▸ **THE TASK**
Starting with the line that has "Stopcontact zonder randaarde" in the records below and ending with the line that has "image:imageJETech Magnetic Matte", output those lines exactly and nothing more; omit the pictures.

▸ **EXERCISE DATA**
=-=-=
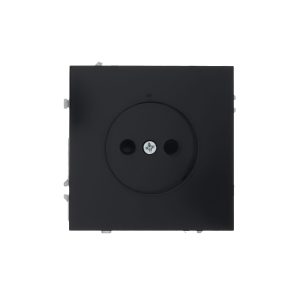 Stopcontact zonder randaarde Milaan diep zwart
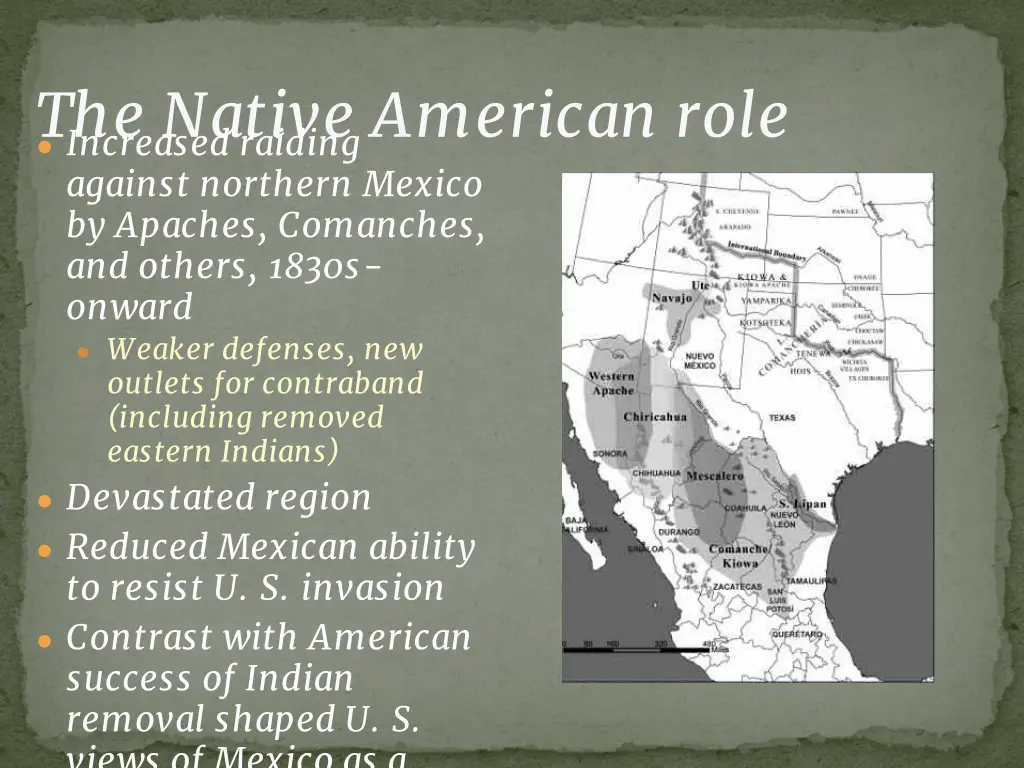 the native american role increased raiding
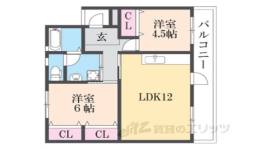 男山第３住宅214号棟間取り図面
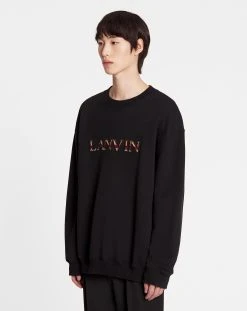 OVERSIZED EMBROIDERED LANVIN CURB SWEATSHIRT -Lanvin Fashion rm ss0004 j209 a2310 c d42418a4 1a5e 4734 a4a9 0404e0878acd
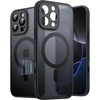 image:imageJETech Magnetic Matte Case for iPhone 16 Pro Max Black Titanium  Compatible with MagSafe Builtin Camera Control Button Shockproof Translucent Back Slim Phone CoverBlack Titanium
=-=-=
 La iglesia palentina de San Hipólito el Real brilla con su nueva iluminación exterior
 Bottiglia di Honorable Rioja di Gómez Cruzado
=-=-=
▸ **RESULT OF THIS EXERCISE**
 Stopcontact zonder randaarde Milaan diep zwart
 the native american role increased raiding
 男山第３住宅214号棟間取り図面
 OVERSIZED EMBROIDERED LANVIN CURB SWEATSHIRT -Lanvin Fashion rm ss0004 j209 a2310 c d42418a4 1a5e 4734 a4a9 0404e0878acd
 image:imageJETech Magnetic Matte Case for iPhone 16 Pro Max Black Titanium  Compatible with MagSafe Builtin Camera Control Button Shockproof Translucent Back Slim Phone CoverBlack Titanium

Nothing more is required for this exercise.